There are several other caveats that are important to mention. While the economic outputs in our analysis suggest that the higher end of economic growth forecasts, such as those elicited in Christensen et al. (2018), will not be achieved (even before accounting for shocks such as the COVID-19 pandemic), this is partially dependent on both our choice of calibration period as well as the structure of our economic model, which rules out the possibility of trend breaks in growth resulting from, e.g., automation. Additionally, our study is silent on the impacts of negative emissions technologies. Changes in climate policies could result in these technologies becoming viable and widespread prior to the end of the century. This would shift emissions downward starting from the point when these technologies begin to penetration. This effect depends, however, on the currently uncertain details of these technologies. One extension of this study might be to include these deep uncertainties, producing projections which are conditional on both the negative emissions technologies and the rate of penetration of a sample technology. Finally, while baseline scenarios are a useful counterfactual, climate policies evolve, and the odds of policies remaining the same through 2100 are nearly zero. The resulting changes in incentives for technology and energy-use would necessarily alter the dynamics captured by our model calibration.

It is important to stress that our analysis has also neglected the large effect of the Earth-system response to changes in CO2(Friedlingstein et al. 2014; Booth et al. 2017; Quilcaille et al. 2018). From the perspective of managing climate risk, emissions projections and forecasts should be understand in the context of these large climate-system uncertainties. It would be unwise to ignore the implications of higher-emissions scenarios for risk analysis by focusing only on their emissions trajectories, as higher levels of radiative forcing and changes to global mean temperature could be obtained from lower emissions levels than those used in scenario generation. Moreover, these scenarios have important value in climate modeling analyses due to their high signal-to-noise ratio.
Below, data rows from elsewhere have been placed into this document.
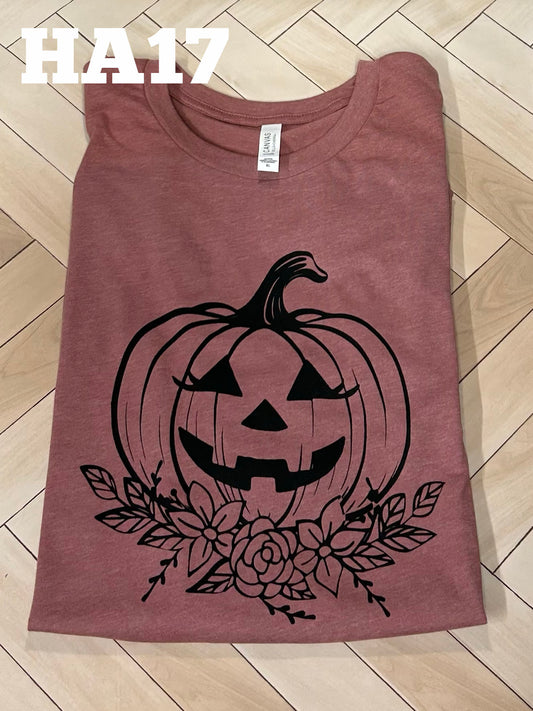 Jack O Lantern Floral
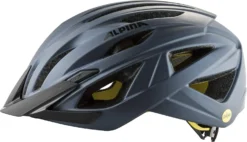 Alpina Delft Mips Fahrradhelm - Indigo Mat -Fahrradzubehör Geschäft Alpina Delft Fahrradhelm MIPS indigo mat 3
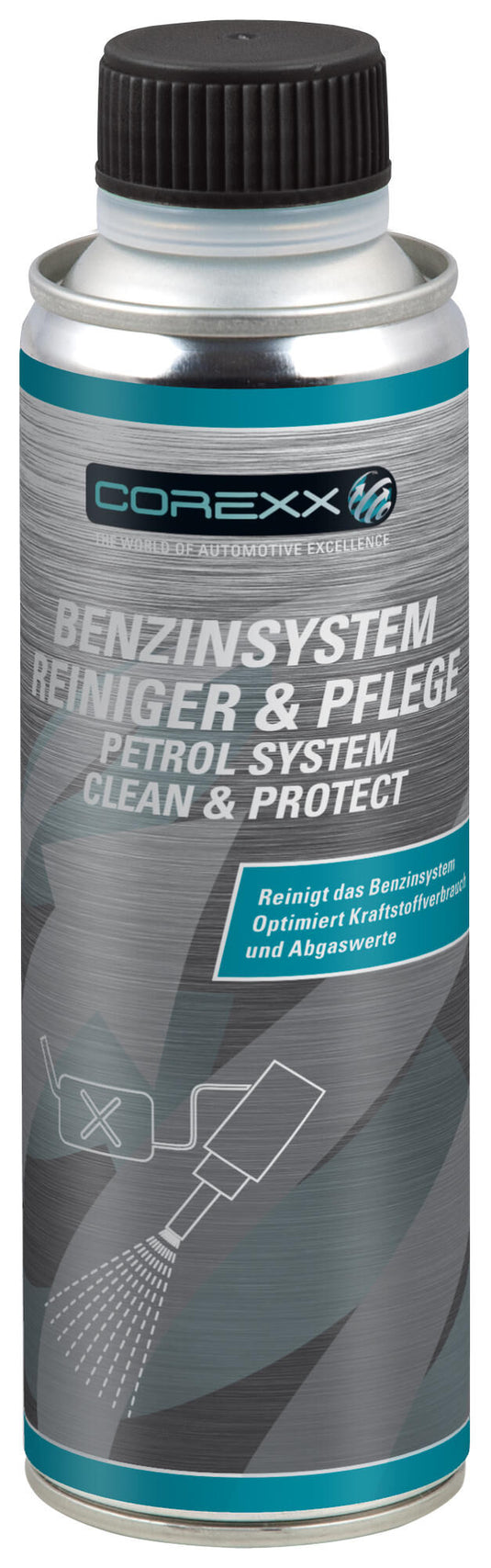 Corexx additief benzinesysteemreiniger gasoline system cleaner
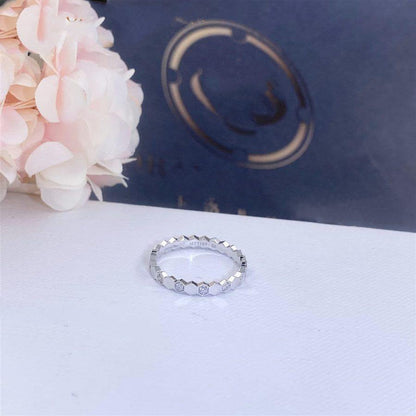 [Leaves]BEE LOVE RING SILVER DIAMOND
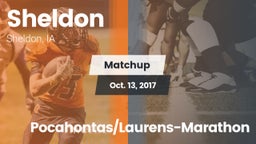 Matchup: Sheldon  vs. Pocahontas/Laurens-Marathon 2017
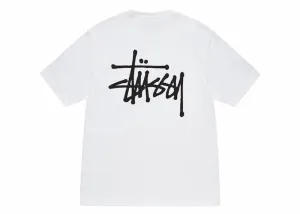 Stussy Basic T-Shirt White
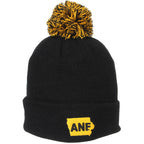 Iowa Hawkeyes Custom Cuff Stocking Cap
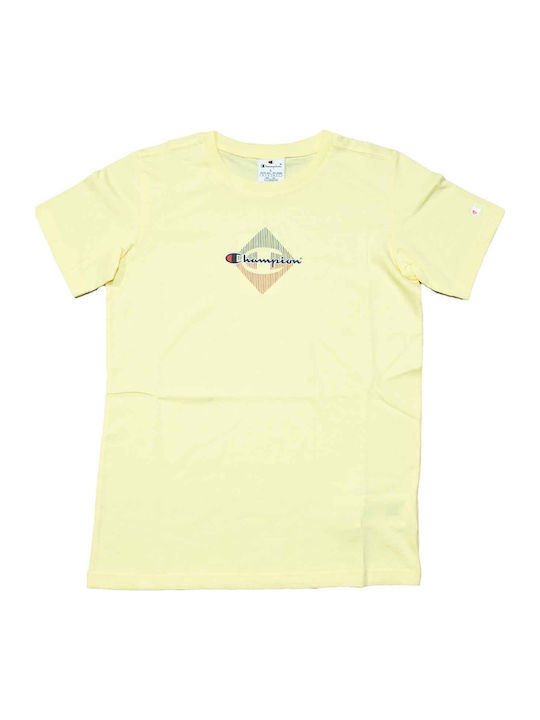 Champion Kids' T-shirt Beige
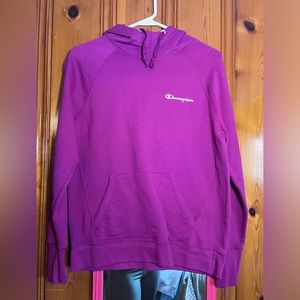 Purple Champion Hoodie
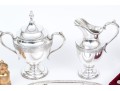 Twenty Pieces Silver Plate And Brass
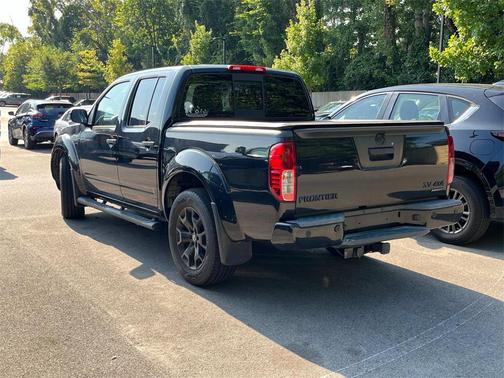 2021 Nissan Frontier SV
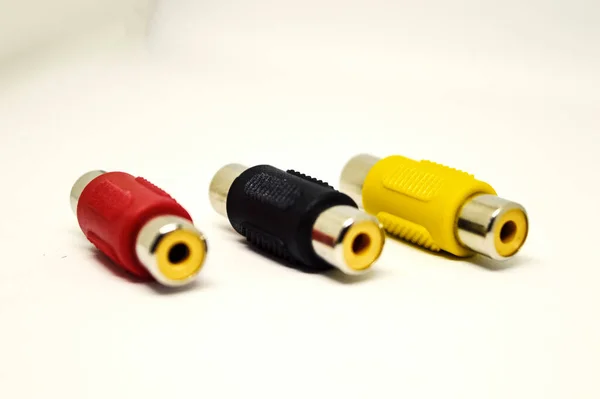 Audio plug adapter for use in all kinds of equipment.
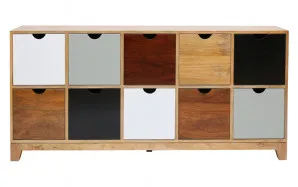Porto Big Drawer Buffet 182cm in Multi by OzDesignFurniture, a Sideboards, Buffets & Trolleys for sale on Style Sourcebook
Our analysis here is not intended to downplay the value of these scenarios for understanding the climate system or for climate risk analysis. We also did not model non-CO2 greenhouse gas emissions.

Ultimately, even with these caveats, simple, mechanistically motivated models have a role to play in understanding the uncertainties associated with future climate risks. Many of the limitations discussed above could be addressed by transparently creating or modifying such a model and comparing projections, parameter distributions, and sensitivities across assumptions. The systems which produce anthropogenic CO2 are sufficiently complex that the ability to map out which parts of the system interact with other parts to produce higher- or lower emissions is important to improve our understanding of climate risk. More computationally expensive and complex models are valuable in representing these complex system dynamics from the ground up, but may not be amenable to this type of analysis without the use of emulators, which smooth out the model dynamics to some degree and may restrict the number of parameters which can be considered (depending on the type of emulator). Ultimately, all models are wrong (Box 1976), but the use of multiple models with varying levels of complexity and which transparently make different assumptions can help us gain a holistic view of future climate risk and its drivers.